The solution was a darker, more contemporary visual system, with monospaced typography for headlines (a direct nod to the software world) and electric blue accents over near-black backgrounds, deliberately contrasting with Lexis's warmer palette.
The content focuses on solving concrete user problems, "track your time," "bill without losing a minute," instead of talking about the brand in the abstract. That same logic carries into more institutional pieces, where the message shifts from a specific feature to the bigger promise of strategic management, without losing the product's visual language.



Tiendablau
Custom furniture, and the identity challenge was specific: visually represent the combination of wood's warmth with metal's modernity, without the system feeling cold or generic within the home decor space.
The solution was a feed that mixes product renders in soft colors (sage green, ochre, terracotta) with real photography of pieces installed in clients' homes, showing that "custom-made" isn't just a catalog concept.
Pieces like the living room with the zebra-print sofa, shot directly in the client's home, reinforce the idea that every piece of furniture adapts to the client's style, not the other way around.

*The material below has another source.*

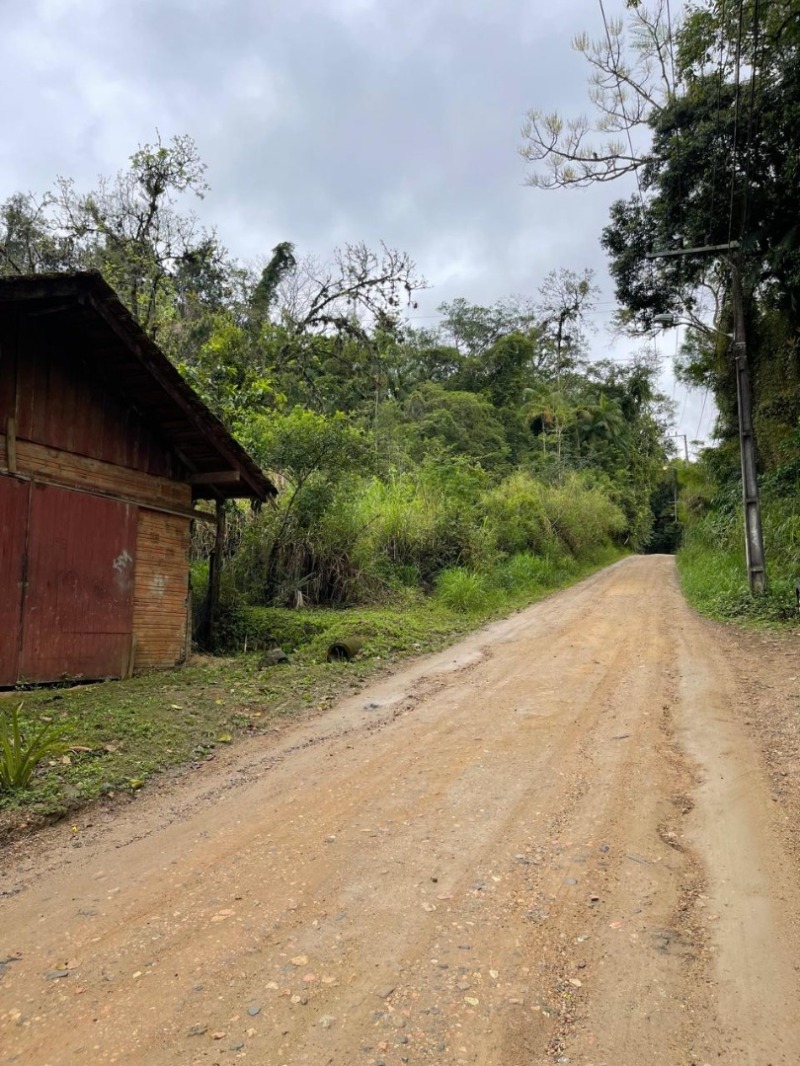 Foto 1 de 10: Terreno em leilão em Blumenau - SC — LOTE 001 TERRENO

That same balance between warmth and modernity shows up in the solid wood side table next to a contemporary chair, where both materials coexist without competing.



The Result
Giving a brand a clear image and identity where there wasn't one translates directly into results: content that amplifies what the brand already is, instead of working against it. Lexis, Litigant, and Tiendablau are examples of brands that now have a visual and content system they can sustain over time.
The Lesson
No two brands are alike, and that's the richest part of the process. Every new project means starting from zero in exploration and discovery, there's no formula that repeats from client to client.